In a petition created a week ago, the civic group points to the four-story building at 27-35 Jackson Ave. to be purchased and and renovated for a full Pre-K to fifth grade elementary school.
The building has housed a Pre-K center since September 2017, and will also act as the temporary site for P.S. 375, an elementary school set to open on Center Boulevard in 2021, beginning this upcoming school year. The site also holds an immigration services and adult learning center.
Becky Barnes, vice president of the CSCA and chair of the education committee, said she started the petition in response to a complaint long heard in Court Square—that the neighborhood lacks schools and proper infrastructure stemming from a 2001 rezoning to the area.
“Long Island City has been rezoned with very minimal provision for the fact that it’s a neighborhood,” Barnes said. “There are no schools for elementary or middle school students here. All we have is a Pre-K center.”
Barnes notes that hundreds of residential buildings have opened since PS 78, their only zoned elementary school, opened over two decades ago along the Hunters Point waterfront.
And a lot more are on the way. Over 19,000 units are in planning or under construction as of October 2017, according to a recent report from the Long Island City Partnership.
But the focus on the Jackson Avenue building came as the Department of Education recently announced plans to bring P.S. 375’s incubation site there after the community shot down prior plans to have it in Woodside. With the Court Square building already housing a Pre-K center, Barnes says the entire site can easily become a full-fledged school.
“There’s nothing in the way of a permanent school for students from kindergarten to grade five,” Barnes said.

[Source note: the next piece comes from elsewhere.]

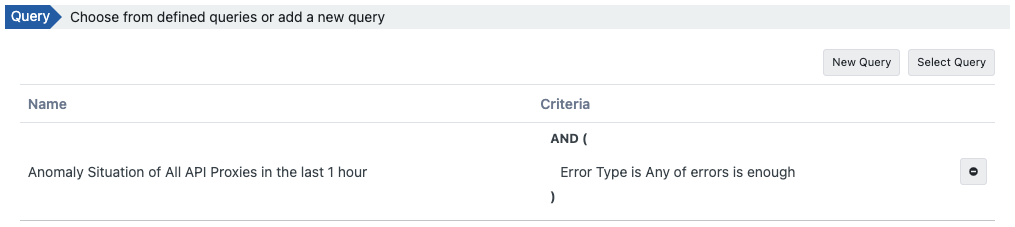 Sorgu Oluşturma Ekranı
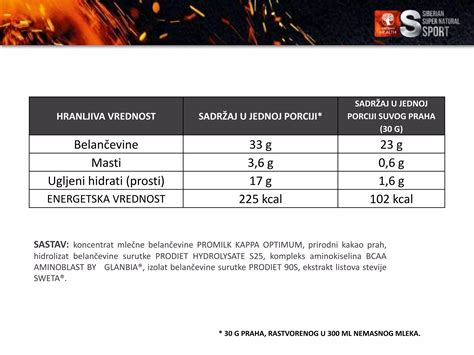 Siberian Super Natural Sport | PPT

She added that the School Construction Authority can use funds they have allocated in their budget—specifically for Long Island City schools—to add windows, additional floors, outdoor space, and other features to the building.
The petition, which has 673 signatures as of Wednesday morning, is directed at officials from the School Construction Authority, and elected leaders like Assemblywoman Cathy Nolan, State Senator Michael Gianaris, and Councilmember Jimmy Van Bramer.
“Court Square needs a school desperately,” Van Bramer said. “There are thousands of new residents calling Court Square home with no place to send their children for elementary school. We need schools and we need them now.”
SCA officials told the CSCA back in a February meeting that they are actively pursuing negotiations for school sites in Court Square. In addition, the SCA reached out to the group last Friday in response to the petition, and offered to meet with the group privately in April, Barnes said.
“We want the community to be developed responsibly,” Barnes said. “We want the Department of Education and the mayor’s office to plan for the community here, not the community that is wanted.”
The Department of Education did not issue a statement to the LIC Post by press time.